I now live in South Jersey (10 miles from Philly) in a typical suburban neighborhood. We have been here 30 years now and, believe it or not, many of the original people are still here. When we moved in, back in the winter of 1979, the neighborhood was brand new construction and many of us had small children and we sort of got to know everyone through our kids being outside riding bikes and playing, etc.

Over time some have moved away and the original children (mine included) have grown up and gotten married and moved away. I have no idea who the new neighbors are, however my immediate neighbors are of the original group like me. I think that today with both parents usually working there just isn't time for socializing any more. I also have noticed that kids no longer play outside and are probably inside with TV or computers so they may not even have relationships with each other except at school. It's a shame but that is the way it is. People come home from work, go inside and you don't see them again until the next morning when they leave for work and come home again.

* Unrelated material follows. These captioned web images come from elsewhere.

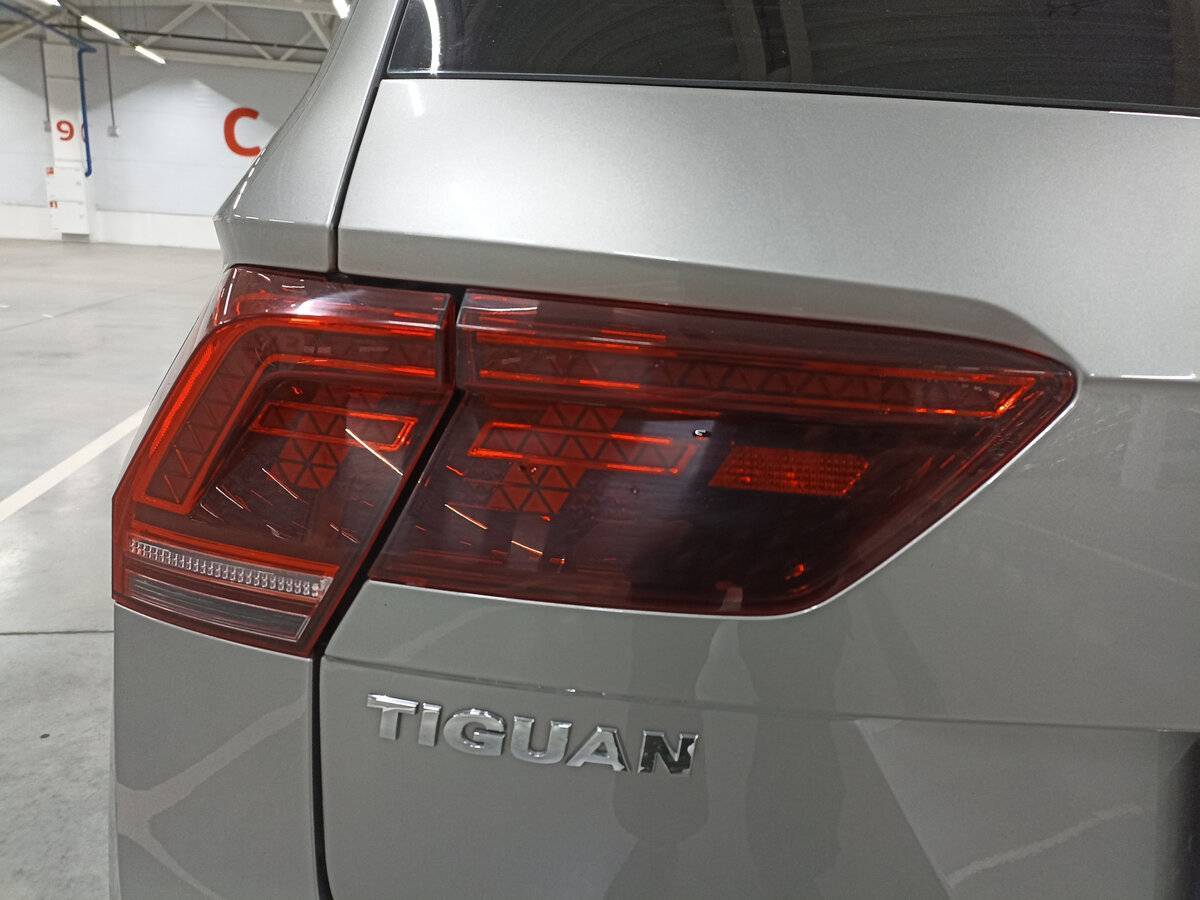 Купить Volkswagen Tiguan с пробегом. Фото: #8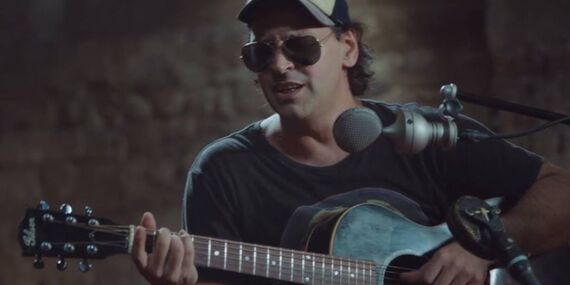 Duman grubunun solisti Kaan Tangöze’den ‘Espressolab’ çıkışı: ‘Vodka portakalımı yudumluyorum’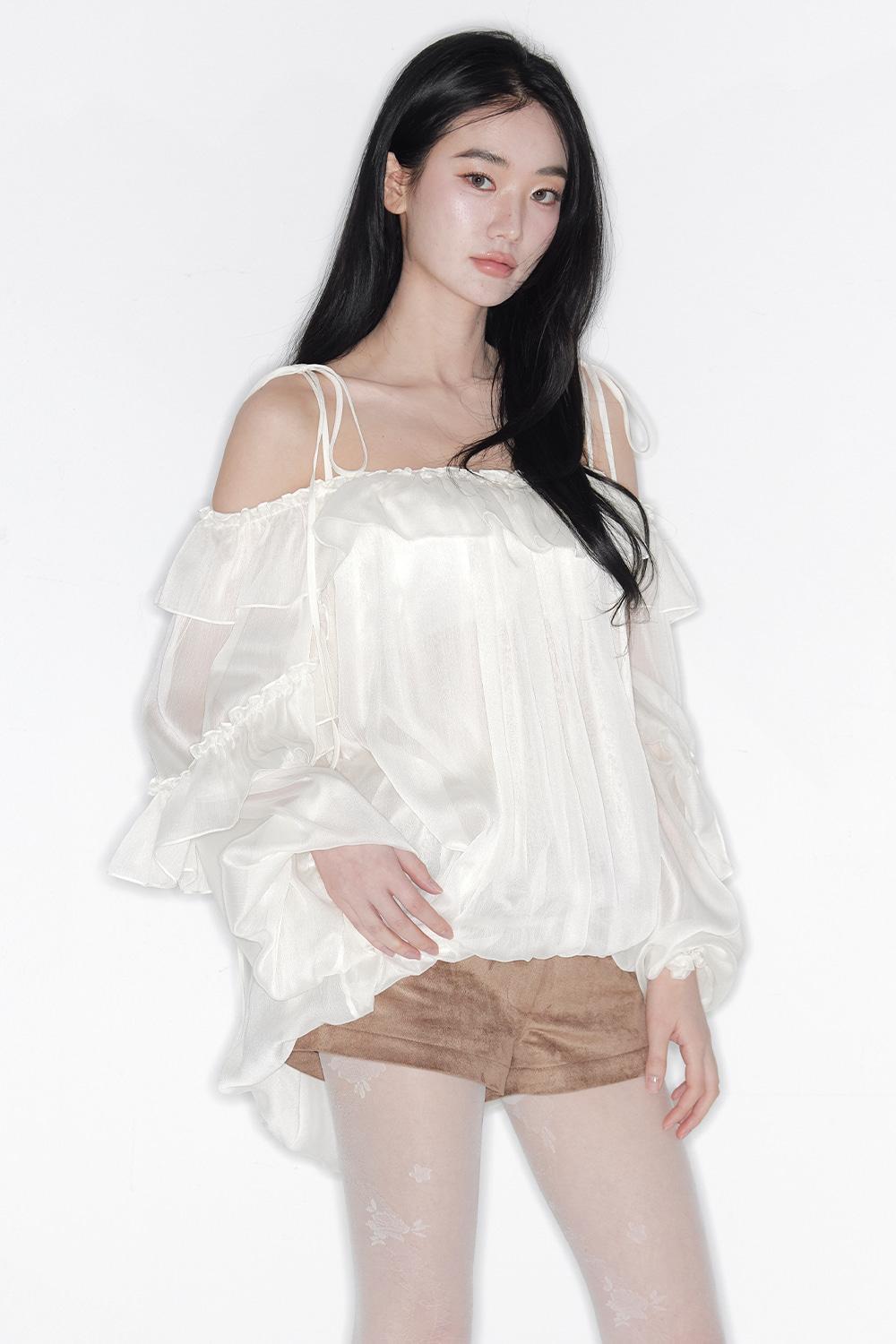 BLOOMING CHIFFON FRILL OFF SHOULDER BLOUSE_TT6S101CM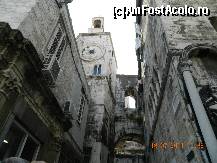 [P04] turnul cu ceas, care inca functioneaza-SPlit » foto by andreea72
 - 
<span class="allrVoted glyphicon glyphicon-heart hidden" id="av499493"></span>
<a class="m-l-10 hidden" id="sv499493" onclick="voting_Foto_DelVot(,499493,10223)" role="button">șterge vot <span class="glyphicon glyphicon-remove"></span></a>
<a id="v9499493" class=" c-red"  onclick="voting_Foto_SetVot(499493)" role="button"><span class="glyphicon glyphicon-heart-empty"></span> <b>LIKE</b> = Votează poza</a> <img class="hidden"  id="f499493W9" src="/imagini/loader.gif" border="0" /><span class="AjErrMes hidden" id="e499493ErM"></span>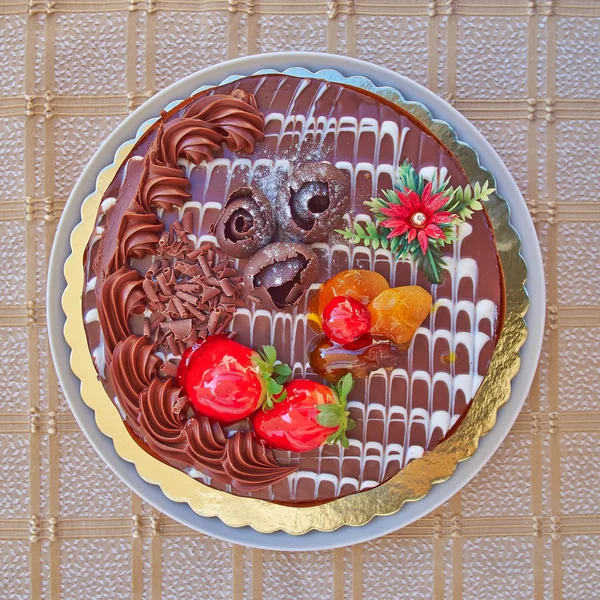 巧克力蛋糕配草莓、 水果 — 图库照片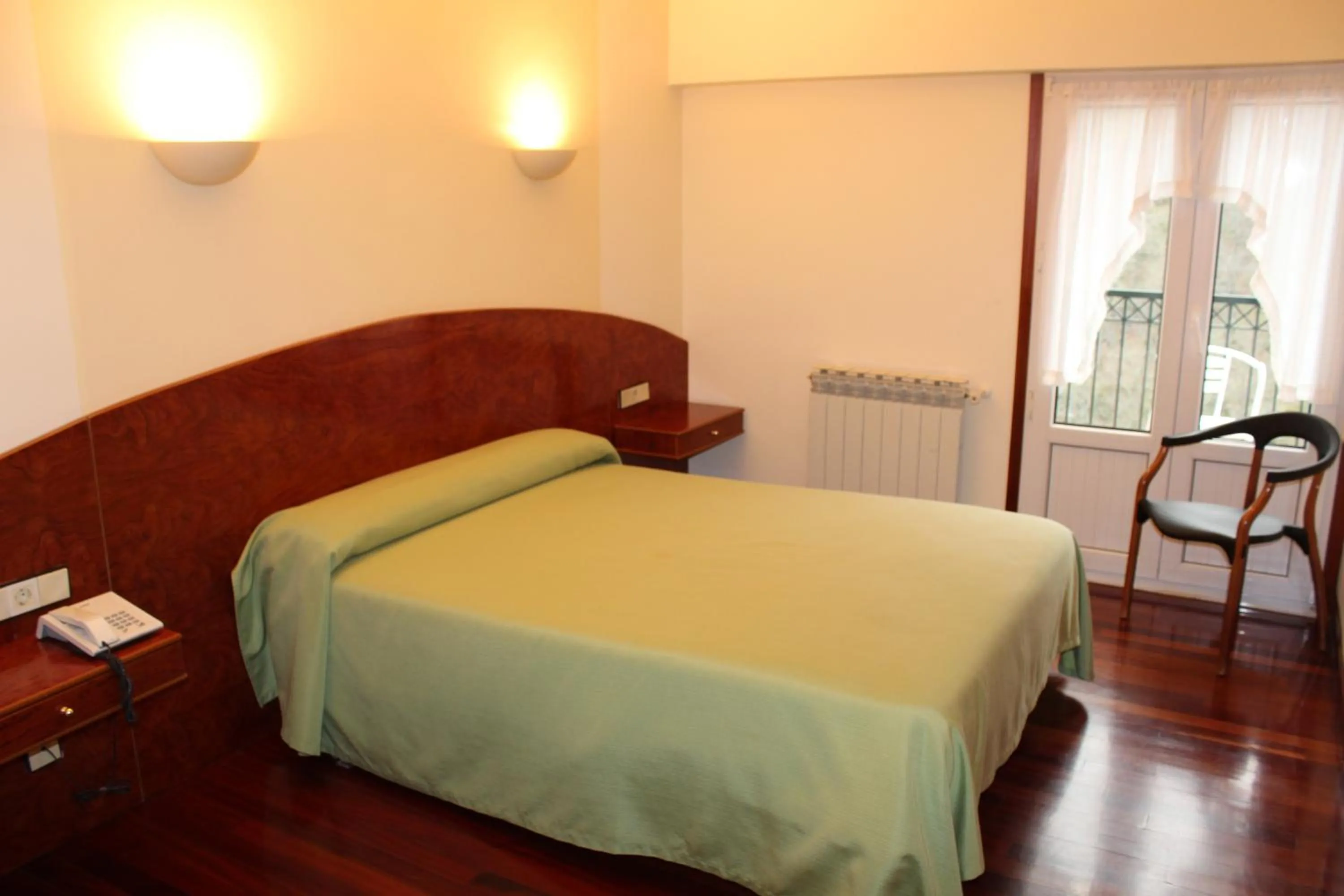 Day, Bed in Hotel Sindika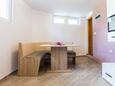 Kukljica, Столовая в размещении типа studio-apartment, Домашние животные допускаются и WiFi.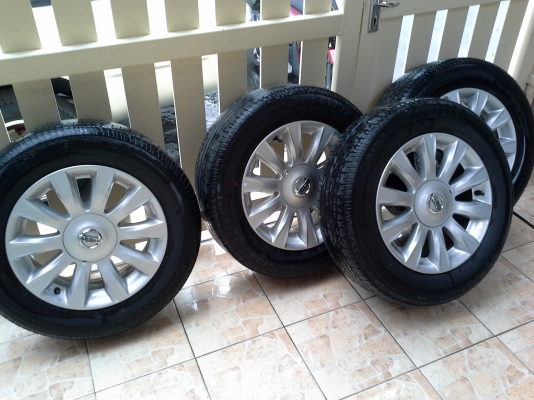 ล้อนิสสันเทน่าขอบ16 5รู114 เดิมติดรถ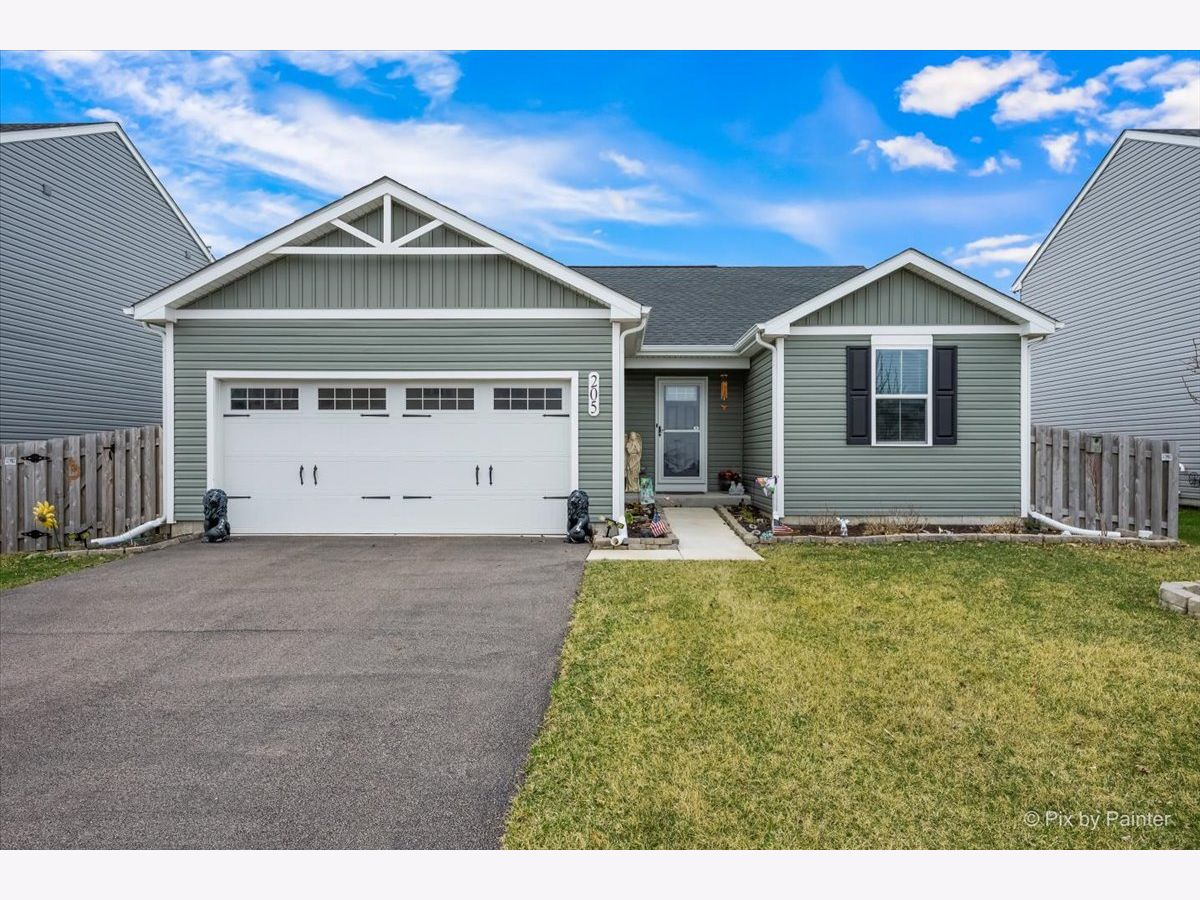 For Sale Waterman Illinois, 205 Buckeye Street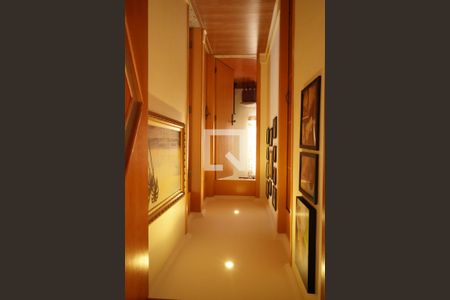 Corredor de apartamento à venda com 3 quartos, 69m² em Tatuapé, São Paulo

The time when we all do seem to congregate outside these days is after a big snowstorm. Everyone comes outside to shovel for a couple of hours (and often no one can go anywhere LOL!) so we catch up that way, with snow shovel in hand. I think it may just be a sign of the times.

Anna I think the neighbor that didn't even acknowledge you when you were within 10' of him is just rude :rolleyes: and someone you wouldn't want to have much to do with anyway. I would be delighted to have you as a neighbor. He doesn't know what he is missing. ;)

Pembroke_Corgi
10-18-2009, 07:44 AM
When we lived in the city (Denver), I found people were friendlier, because we would often see each other as people often walked places, because there were actually places to walk to. Our next door neighbors had 4 kids, and one of them would sometimes come over and play with the dogs. :)

Now we live in a large suburb of Denver because the suburbs were the only place we could afford to buy a house. I love our house, but I don't like living in the suburbs. I don't know any of the neighbors- we smile and say "hello" if we see each other but that's it. I think it's because people use their cars to get everywhere, and everyone has a really big back yard (which is really nice, I like having a large yard) but if you are outside, you don't really need to see or interact with anyone else.

Edwina's Secretary
10-18-2009, 11:05 AM
In Chicago we knew our neighbors. There was a block party every year - we would clean each others walks and with some even exchange holiday treats.

We have found California living to not be so friendly. We know our immediate neighbors and I wave at any car that goes by just in case it is someone from the top of the cul de sac.

We are active in the Community Watch program by which we have come to know more of the neighbors.

I think it is different here because life doesn't face the street. There are no front windows. If I want to see what is in the street I must run upstairs to see out the front of the house. Front yards a very small and life seems to be focused away from the street.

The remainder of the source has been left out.